● **PROBLEM REQUIREMENTS**: Restate the entries word for word, omitting nothing.

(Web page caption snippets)
========================================

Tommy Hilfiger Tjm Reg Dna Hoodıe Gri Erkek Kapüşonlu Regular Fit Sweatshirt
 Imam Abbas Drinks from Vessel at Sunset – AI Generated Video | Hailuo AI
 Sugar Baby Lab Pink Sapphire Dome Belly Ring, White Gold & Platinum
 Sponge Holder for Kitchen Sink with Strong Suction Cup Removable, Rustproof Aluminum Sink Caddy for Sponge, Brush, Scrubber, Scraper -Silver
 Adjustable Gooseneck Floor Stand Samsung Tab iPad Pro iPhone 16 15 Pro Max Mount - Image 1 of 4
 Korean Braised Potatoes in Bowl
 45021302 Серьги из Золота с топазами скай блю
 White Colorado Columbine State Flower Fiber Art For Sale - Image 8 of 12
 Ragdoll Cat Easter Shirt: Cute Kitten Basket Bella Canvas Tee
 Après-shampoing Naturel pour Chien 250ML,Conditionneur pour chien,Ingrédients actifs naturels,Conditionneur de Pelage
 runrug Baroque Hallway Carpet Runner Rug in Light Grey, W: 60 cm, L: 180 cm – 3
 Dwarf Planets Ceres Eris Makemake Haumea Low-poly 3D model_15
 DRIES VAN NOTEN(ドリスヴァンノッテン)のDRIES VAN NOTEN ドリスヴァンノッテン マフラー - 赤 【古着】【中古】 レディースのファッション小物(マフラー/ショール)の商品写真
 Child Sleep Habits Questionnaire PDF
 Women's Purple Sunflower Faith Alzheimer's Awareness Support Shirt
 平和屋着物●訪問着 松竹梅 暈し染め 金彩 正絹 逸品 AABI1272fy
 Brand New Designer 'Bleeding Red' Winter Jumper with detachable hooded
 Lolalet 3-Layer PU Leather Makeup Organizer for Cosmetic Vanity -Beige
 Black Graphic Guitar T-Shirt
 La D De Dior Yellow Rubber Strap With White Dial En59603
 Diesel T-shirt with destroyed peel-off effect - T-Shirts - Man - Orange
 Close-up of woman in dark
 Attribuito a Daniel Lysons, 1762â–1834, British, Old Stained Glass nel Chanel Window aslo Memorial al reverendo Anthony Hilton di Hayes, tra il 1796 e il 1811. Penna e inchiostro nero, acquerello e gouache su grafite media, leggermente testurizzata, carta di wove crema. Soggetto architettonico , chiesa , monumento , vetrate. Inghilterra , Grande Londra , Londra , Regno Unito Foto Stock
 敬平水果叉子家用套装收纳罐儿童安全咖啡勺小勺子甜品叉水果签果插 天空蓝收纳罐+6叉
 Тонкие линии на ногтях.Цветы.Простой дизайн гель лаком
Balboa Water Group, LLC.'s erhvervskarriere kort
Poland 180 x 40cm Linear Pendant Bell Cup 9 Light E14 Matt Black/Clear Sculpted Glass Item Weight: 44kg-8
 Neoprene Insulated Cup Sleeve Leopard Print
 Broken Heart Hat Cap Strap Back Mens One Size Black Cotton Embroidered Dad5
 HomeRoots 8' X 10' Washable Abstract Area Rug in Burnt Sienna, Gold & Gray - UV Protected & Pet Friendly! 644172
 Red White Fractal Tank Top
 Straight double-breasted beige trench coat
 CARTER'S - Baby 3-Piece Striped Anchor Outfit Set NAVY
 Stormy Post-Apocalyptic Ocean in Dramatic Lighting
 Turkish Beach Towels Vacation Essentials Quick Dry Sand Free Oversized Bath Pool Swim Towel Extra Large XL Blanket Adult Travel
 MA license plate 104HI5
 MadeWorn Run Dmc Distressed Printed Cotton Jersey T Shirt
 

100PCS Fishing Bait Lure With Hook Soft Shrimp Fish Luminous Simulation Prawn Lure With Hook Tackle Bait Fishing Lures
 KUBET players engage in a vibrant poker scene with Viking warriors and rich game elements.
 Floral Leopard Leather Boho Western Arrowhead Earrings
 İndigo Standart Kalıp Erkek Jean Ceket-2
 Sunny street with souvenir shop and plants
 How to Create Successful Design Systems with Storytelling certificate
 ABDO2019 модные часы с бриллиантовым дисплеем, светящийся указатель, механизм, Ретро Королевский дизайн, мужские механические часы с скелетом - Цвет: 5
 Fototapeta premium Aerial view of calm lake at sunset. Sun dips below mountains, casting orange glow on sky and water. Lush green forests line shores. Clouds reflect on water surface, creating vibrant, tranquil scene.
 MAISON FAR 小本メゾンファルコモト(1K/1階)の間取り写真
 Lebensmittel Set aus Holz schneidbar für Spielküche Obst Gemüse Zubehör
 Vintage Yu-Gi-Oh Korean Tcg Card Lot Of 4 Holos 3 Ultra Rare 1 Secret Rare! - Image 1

========================================

● **OUTPUT FOR THIS EXERCISE**:
Tommy Hilfiger Tjm Reg Dna Hoodıe Gri Erkek Kapüşonlu Regular Fit Sweatshirt
 Imam Abbas Drinks from Vessel at Sunset – AI Generated Video | Hailuo AI
 Sugar Baby Lab Pink Sapphire Dome Belly Ring, White Gold & Platinum
 Sponge Holder for Kitchen Sink with Strong Suction Cup Removable, Rustproof Aluminum Sink Caddy for Sponge, Brush, Scrubber, Scraper -Silver
 Adjustable Gooseneck Floor Stand Samsung Tab iPad Pro iPhone 16 15 Pro Max Mount - Image 1 of 4
 Korean Braised Potatoes in Bowl
 45021302 Серьги из Золота с топазами скай блю
 White Colorado Columbine State Flower Fiber Art For Sale - Image 8 of 12
 Ragdoll Cat Easter Shirt: Cute Kitten Basket Bella Canvas Tee
 Après-shampoing Naturel pour Chien 250ML,Conditionneur pour chien,Ingrédients actifs naturels,Conditionneur de Pelage
 runrug Baroque Hallway Carpet Runner Rug in Light Grey, W: 60 cm, L: 180 cm – 3
 Dwarf Planets Ceres Eris Makemake Haumea Low-poly 3D model_15
 DRIES VAN NOTEN(ドリスヴァンノッテン)のDRIES VAN NOTEN ドリスヴァンノッテン マフラー - 赤 【古着】【中古】 レディースのファッション小物(マフラー/ショール)の商品写真
 Child Sleep Habits Questionnaire PDF
 Women's Purple Sunflower Faith Alzheimer's Awareness Support Shirt
 平和屋着物●訪問着 松竹梅 暈し染め 金彩 正絹 逸品 AABI1272fy
 Brand New Designer 'Bleeding Red' Winter Jumper with detachable hooded
 Lolalet 3-Layer PU Leather Makeup Organizer for Cosmetic Vanity -Beige
 Black Graphic Guitar T-Shirt
 La D De Dior Yellow Rubber Strap With White Dial En59603
 Diesel T-shirt with destroyed peel-off effect - T-Shirts - Man - Orange
 Close-up of woman in dark
 Attribuito a Daniel Lysons, 1762â–1834, British, Old Stained Glass nel Chanel Window aslo Memorial al reverendo Anthony Hilton di Hayes, tra il 1796 e il 1811. Penna e inchiostro nero, acquerello e gouache su grafite media, leggermente testurizzata, carta di wove crema. Soggetto architettonico , chiesa , monumento , vetrate. Inghilterra , Grande Londra , Londra , Regno Unito Foto Stock
 敬平水果叉子家用套装收纳罐儿童安全咖啡勺小勺子甜品叉水果签果插 天空蓝收纳罐+6叉
 Тонкие линии на ногтях.Цветы.Простой дизайн гель лаком
Balboa Water Group, LLC.'s erhvervskarriere kort
Poland 180 x 40cm Linear Pendant Bell Cup 9 Light E14 Matt Black/Clear Sculpted Glass Item Weight: 44kg-8
 Neoprene Insulated Cup Sleeve Leopard Print
 Broken Heart Hat Cap Strap Back Mens One Size Black Cotton Embroidered Dad5
 HomeRoots 8' X 10' Washable Abstract Area Rug in Burnt Sienna, Gold & Gray - UV Protected & Pet Friendly! 644172
 Red White Fractal Tank Top
 Straight double-breasted beige trench coat
 CARTER'S - Baby 3-Piece Striped Anchor Outfit Set NAVY
 Stormy Post-Apocalyptic Ocean in Dramatic Lighting
 Turkish Beach Towels Vacation Essentials Quick Dry Sand Free Oversized Bath Pool Swim Towel Extra Large XL Blanket Adult Travel
 MA license plate 104HI5
 MadeWorn Run Dmc Distressed Printed Cotton Jersey T Shirt
 

100PCS Fishing Bait Lure With Hook Soft Shrimp Fish Luminous Simulation Prawn Lure With Hook Tackle Bait Fishing Lures
 KUBET players engage in a vibrant poker scene with Viking warriors and rich game elements.
 Floral Leopard Leather Boho Western Arrowhead Earrings
 İndigo Standart Kalıp Erkek Jean Ceket-2
 Sunny street with souvenir shop and plants
 How to Create Successful Design Systems with Storytelling certificate
 ABDO2019 модные часы с бриллиантовым дисплеем, светящийся указатель, механизм, Ретро Королевский дизайн, мужские механические часы с скелетом - Цвет: 5
 Fototapeta premium Aerial view of calm lake at sunset. Sun dips below mountains, casting orange glow on sky and water. Lush green forests line shores. Clouds reflect on water surface, creating vibrant, tranquil scene.
 MAISON FAR 小本メゾンファルコモト(1K/1階)の間取り写真
 Lebensmittel Set aus Holz schneidbar für Spielküche Obst Gemüse Zubehör
 Vintage Yu-Gi-Oh Korean Tcg Card Lot Of 4 Holos 3 Ultra Rare 1 Secret Rare! - Image 1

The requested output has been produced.